# Other Animals > Other Pets >  How to catch skinks?

## Xavier

Okay, so there are two skinks on/inside my back porch. My curiosity got the best of me, and I now want to know what species that they are. But the only problem is in order to identify the species (3 in my range) you have to catch one. That is easier said than done, because they are the most flighty animals I have ever seen! Even anoles, renowned for their cowardness let me get close enough to see them But these guys have a little house and before I can even open the door they run back underneath their home (a column) and my initial strategy was to wait for them to come out and bait the entrance with a prey item and it almost worked (I saw a tail) so does anyone else have any ideas?

----------


## Xavier

Oh, and by the way the 3 species that I narrowed it down to in my range are five-lined skinks, southeastern five-lined skinks, and broad-head skinks

----------


## Krispy

Make a window screen box around it with a small slit for them to get in the usual spot, they usually cant get out...

----------


## Xavier

Well I made a baited trap and caught one, turns out he is an American five-lined skink, thanks for the help!  :Big Grin:

----------


## Krispy

Thats awsome! Cant wait to hopefully see it! Skinks are super cheap some places up here but not so healthy looking... theres an odd armidillo lizard ive been looking at, but they do better in a colony so idk...

----------


## Xavier

Well, I feel like a newb right now :Grief:  When my family left to go to the Georgia milestone tests on Wednesday, I left his cage unlocked by accident. And he got out.
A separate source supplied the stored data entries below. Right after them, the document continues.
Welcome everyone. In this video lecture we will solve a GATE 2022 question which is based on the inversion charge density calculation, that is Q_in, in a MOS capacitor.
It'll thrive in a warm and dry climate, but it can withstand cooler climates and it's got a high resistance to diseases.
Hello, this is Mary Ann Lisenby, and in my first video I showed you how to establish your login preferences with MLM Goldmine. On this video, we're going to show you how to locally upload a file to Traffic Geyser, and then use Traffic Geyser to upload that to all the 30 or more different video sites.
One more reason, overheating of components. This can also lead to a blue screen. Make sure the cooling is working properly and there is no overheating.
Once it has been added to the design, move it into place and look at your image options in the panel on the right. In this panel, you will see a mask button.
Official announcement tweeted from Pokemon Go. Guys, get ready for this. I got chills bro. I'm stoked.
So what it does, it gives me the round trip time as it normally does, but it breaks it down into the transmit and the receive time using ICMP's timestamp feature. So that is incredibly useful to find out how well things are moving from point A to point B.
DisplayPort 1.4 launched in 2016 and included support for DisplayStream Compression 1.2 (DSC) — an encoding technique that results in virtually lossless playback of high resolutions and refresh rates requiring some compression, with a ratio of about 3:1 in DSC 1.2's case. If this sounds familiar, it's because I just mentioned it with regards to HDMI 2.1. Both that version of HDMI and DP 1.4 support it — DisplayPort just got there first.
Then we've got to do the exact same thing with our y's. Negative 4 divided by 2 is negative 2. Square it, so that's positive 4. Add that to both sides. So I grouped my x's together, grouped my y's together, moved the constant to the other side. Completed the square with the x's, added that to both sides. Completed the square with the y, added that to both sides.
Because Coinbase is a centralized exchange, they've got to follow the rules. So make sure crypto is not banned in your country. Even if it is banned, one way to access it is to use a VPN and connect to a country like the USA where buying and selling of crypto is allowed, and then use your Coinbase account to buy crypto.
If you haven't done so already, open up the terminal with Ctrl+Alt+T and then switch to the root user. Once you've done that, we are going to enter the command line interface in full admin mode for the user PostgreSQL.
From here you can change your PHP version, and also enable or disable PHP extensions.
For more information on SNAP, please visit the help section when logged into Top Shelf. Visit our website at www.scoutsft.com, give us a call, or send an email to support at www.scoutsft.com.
I believe that he is in the vents now, because there is nowhere else he could be (we looked everywhere for him) so I am going to be trying to find a way to purge him from the vents

----------


## Xavier

Does anyone know how to get him out of the vents​ safely?

----------


## Xavier

Nobody? :Confusion:

----------


## Cory

Hello, I don't know what Skinks eat but if you think he is in the vents maybe if you take something they eat that has some odour to it you could place a container of this food by an intake vent so it will suck the smell in. Maybe he will smell it and come looking for it. You could probably place a few containers or bowls by a couple different intake vents so he doesn't have to find that specific bowl or container.

----------

Cliygh and Mia 2

----------


## Xavier

Well we almost caught him, but it was very fast and intelligent, like a jurassic park raptor, but we have a basking/feeding/watering station for him. Any suggestions on how to get the little guy?

----------


## Cory

Do you have an idea were the little bugger is hideing now. If you know were he is I might be able to come up with some ideas. Isn't fun when one of our pet  friends escape into the house, adds some excitement to the household. L.O.L

----------


## Xavier

Last I checked, he was in the pet room where we keep all of the animals, (for now  :Stick Out Tongue: ) and I have a basking spot for him so he will reveal himself. The room is technically a guest room, and was a toy room, so it has doll houses, and a bed and various places he can hide. As of the third time trying to catch him, he was behind my sister's cooking sets and we almost had him, (he waited for us to lift it a tad to put paper underneath to put him back in his tank and bolted away) and we are going to come home and set some meal worms (the only thing that he ate so far) to bait him to an easier spot to catch him. Is my plan wrong? Do you have any other ideas I could use? BTW,  the species he is is an American Five Lined Skink, so we could see if there is a survival exploit we could use to our advantage

----------


## Xavier

Oh, and it's upstairs BTW

----------


## Cory

I think your on the right track for sure. Just watch when you open the door to that room that he isn't waiting there to make a run for it, at least right now he is one room. I would try to make some kind of little trap he can get in but wont be able to get out. Have it see through so you can put some food and water in it for him to see so he will enter, im thinking like if you had something you could make a little swinging door on one end like a nice size thin Tupperware container or something. and have it so he could push through to get in but cant push it to get back out.

----------

Cliygh and Mia 2

----------


## Xavier

:Victorious:  I am so happy! I recaught him after 4 days out of his tank! Thanks Krispy and Monster, you guys helped a ton! :Victorious:

----------


## Cory

Glad to hear you caught the little bugger. I was starting to think if you didn't get him soon that the news when you found him wasn't going to be good, so again glad it was a happy ending.

----------

Cliygh and Mia 2

----------